7 April, 2022 by Andy Hunt
Think of a child car seat.
If you are a parent you probably had one (or more) in the back of your car as your children grew up.
Under most circumstances your baby started in a baby carrier and then progressed to getting strapped into their child seat (often with a lot of squirming and shouting).
Eventually your child is comfortable, securely seated and safe.
Eventually they get too big for the child seat, moving on to a booster seat, and finally they sit in the car just like everyone else.
Imagine, that for some strange reason, the child has to use the same little seat forever!
When they are small this is not a problem, the seat fits and they can be comfortably secure.
As they grow this gets more difficult, they get too big for the car seat, it’s too small the straps constrict them.
As they get even bigger this only gets worse.
Imagine a teenager crammed into a child’s seat.
Imagine an adult squashed into the child seat that once held them safe but is now their cramped prison.
In the outside world this is a ridiculous scenario, but in the inner world this kind of thing happens all the time.
Imagine growing up in a hostile family: as a child you have to find a way to survive in this situation. You need your care givers to feed and clothe you, to look after you and keep you safe, ideally until you are old enough to fend for yourself.
Keeping yourself safe in that kind of environment isn’t easy, you will soon learn ways to appease them, please them or avoid trouble and get just enough care to get by.
These necessary safety strategies and responses are often formed when we are the age when we would physically fit in a child seat.

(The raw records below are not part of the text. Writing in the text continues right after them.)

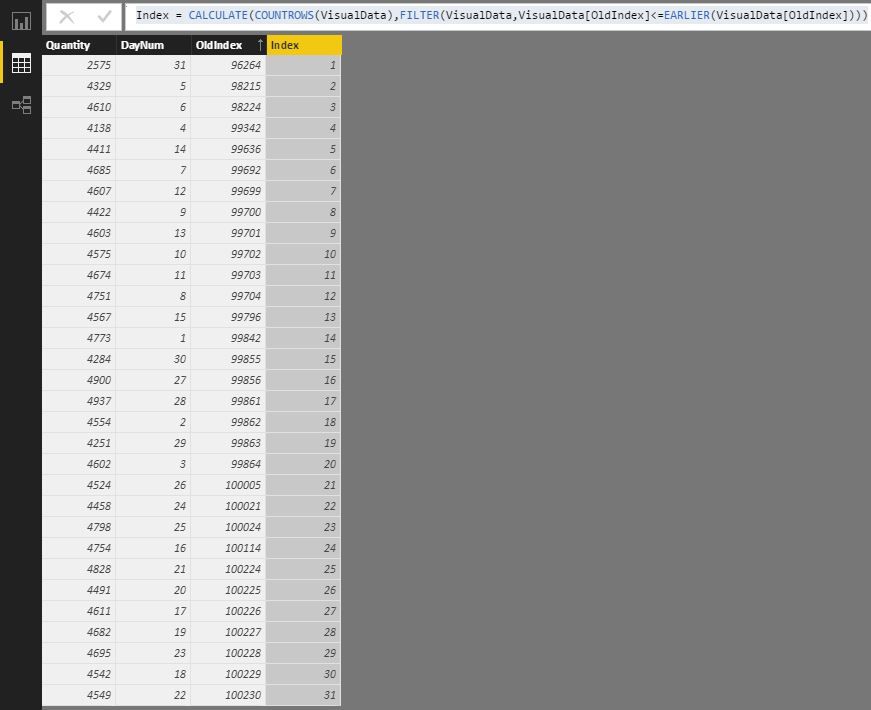 Add an index column to a summarised table.JPG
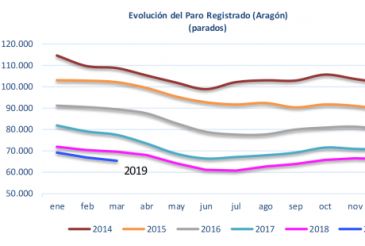 El paro baja en 270 personas en Teruel en marzo, un 4,72%
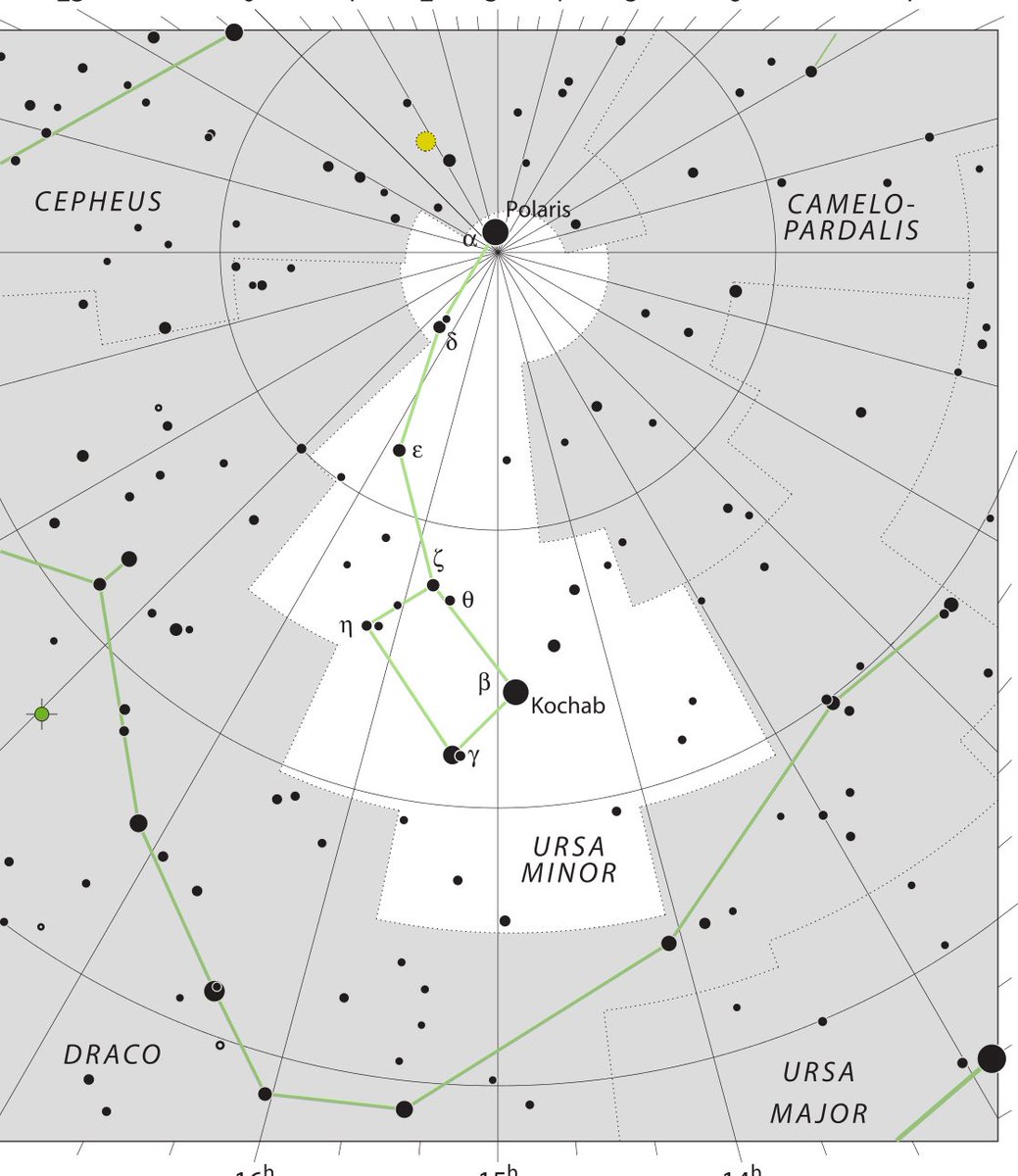 FredNoonan's tweet image. A good friend in navigating across the vast Pacific. A friend to the ancient Polynesians and a friend to those of us who fly this mighty ocean in 1937. #CelestialNavigation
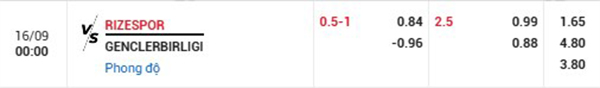 TL Rizespor vs Genclerbirligi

This mental, emotional and behavioural ‘child seat’ keeps us more or less safe. We strap into it every day and hope for the best. Once we have a strategy that works we stick with it.
Since these strategies are familiar and run in well worn neural pathways, it’s much easier stick with them rather than having to find new ways of coping.
Unfortunately, while our circumstances may change our safety strategies and responses stay the same.
Even when we leave our family, we unconsciously cling to the strategies that used to work, even when they don’t fit our current circumstances.
For example if you had cruel parents that you had to appease, you would become very skilled at putting them first and looking after their needs, because your life depended on it.
Let’s imagine you leave this family far behind, never seeing them again. However long ago and far away it was it is as if those appeasement strategies are your goto way of being in the world.
Even though the ‘family car’ is long gone, you are still squashed into that ‘child seat’.
Unfortunately, once we have strapped ourselves into our solution it can be very hard to let it go. We may know at a conscious level that we no longer have to do this, but at some other level we can’t stop.
Sometimes, we can’t just talk ourselves out of it, we need help to release the straps and get out of that old solution that no longer serves us.
That’s where processes like Identity Healing, IEP and EFT can help us get free of our old, redundant safety strategies, so we can settle into a bigger, less constricted life.